→ **Task item**: Return each line of the records with nothing changed, pictures excepted.

→ **Input**:

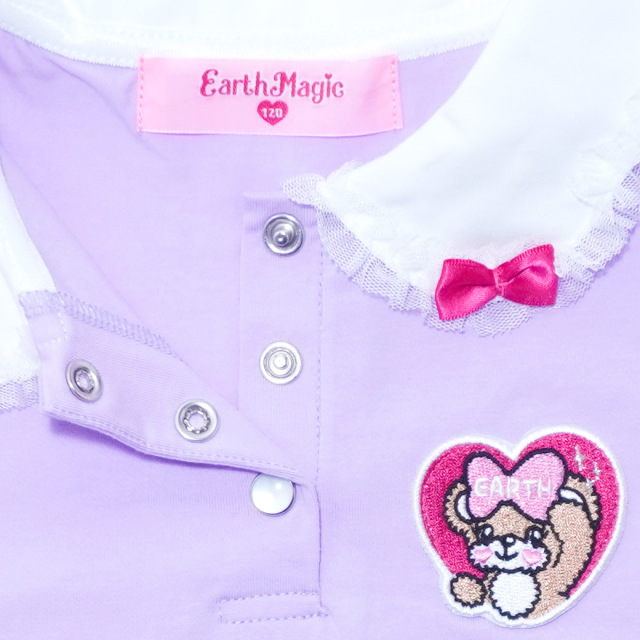 EARTHMAGIC アースマジック マフィー 襟付きフリル袖ベア天竺Tシャツ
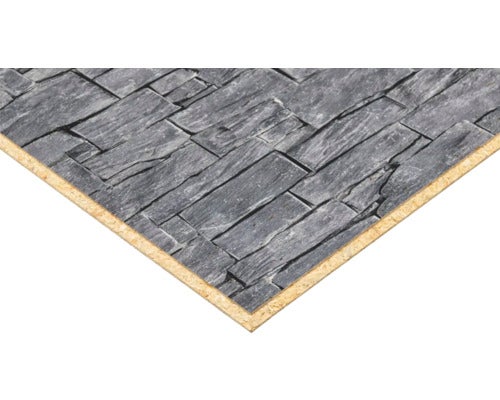 Küchenarbeitsplatte mit einer Oberfläche in Schieferoptik auf einem Kern aus Spanplatte.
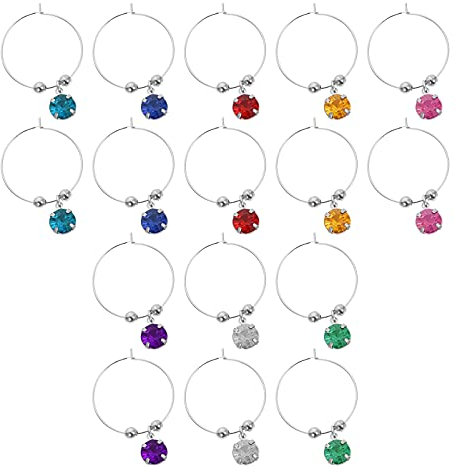 Cabilock 16 Stücke Glasmarker Ring Glasmarker Glasmarkierer Anhänger Glas Kennzeichnung Gläser Markierung Trinkgläser Markieren Getränke Weinglas Marker für Bar Geburtstag Weihnachten Deko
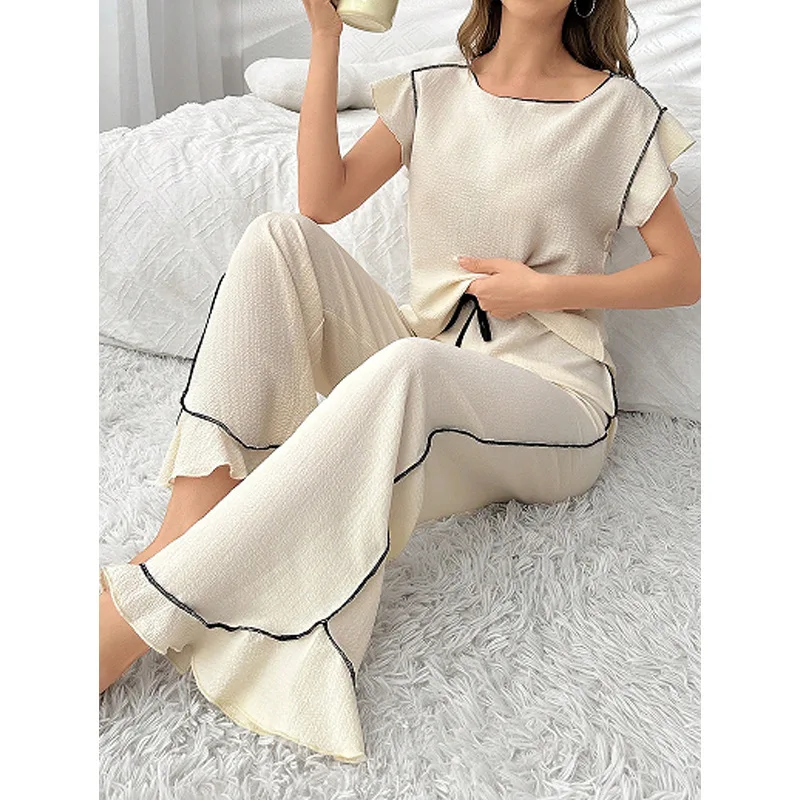 Sweet Color Block Women's Sleepwear Summer New Loose Comfortable Short Sleeve Long Pants Home Clothes Set High-End Feeling
Sweet Color Block Women's Sleepwear Summer New Loose Comfortable Short Sleeve Long Pants Home Clothes Set High-End Feeling
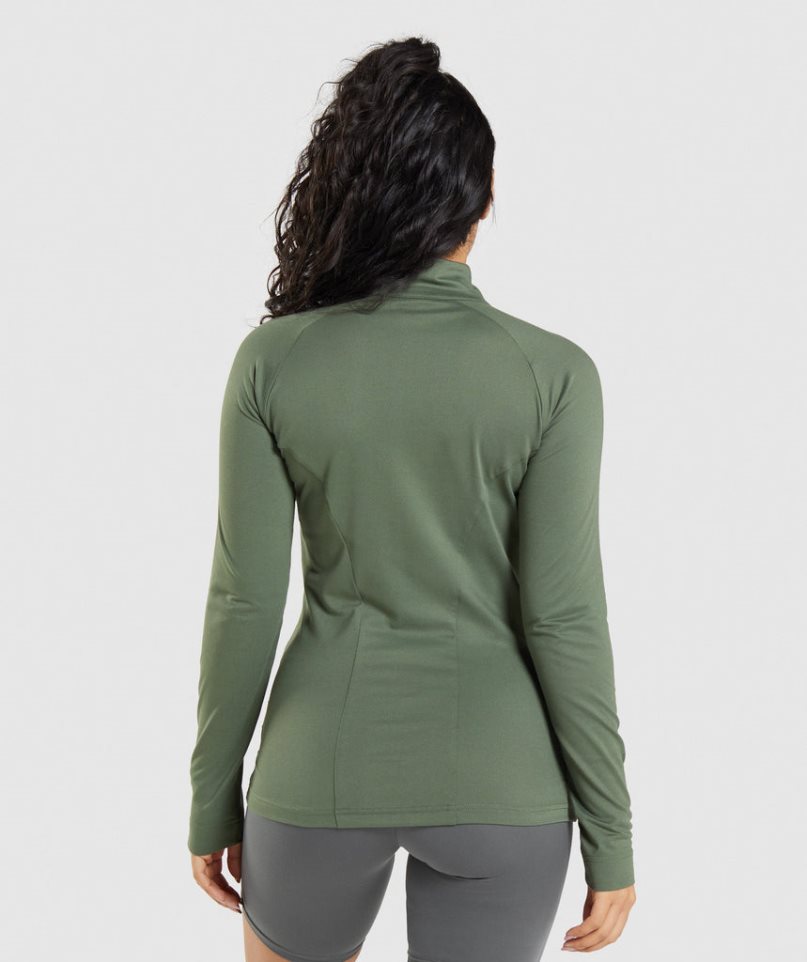 Gymshark Tränings Jacka Dam Olivgröna | SE-85631M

→ **Solution to the exercise**:
 EARTHMAGIC アースマジック マフィー 襟付きフリル袖ベア天竺Tシャツ
 Küchenarbeitsplatte mit einer Oberfläche in Schieferoptik auf einem Kern aus Spanplatte.
 Cabilock 16 Stücke Glasmarker Ring Glasmarker Glasmarkierer Anhänger Glas Kennzeichnung Gläser Markierung Trinkgläser Markieren Getränke Weinglas Marker für Bar Geburtstag Weihnachten Deko
 Sweet Color Block Women's Sleepwear Summer New Loose Comfortable Short Sleeve Long Pants Home Clothes Set High-End Feeling
Sweet Color Block Women's Sleepwear Summer New Loose Comfortable Short Sleeve Long Pants Home Clothes Set High-End Feeling
 Gymshark Tränings Jacka Dam Olivgröna | SE-85631M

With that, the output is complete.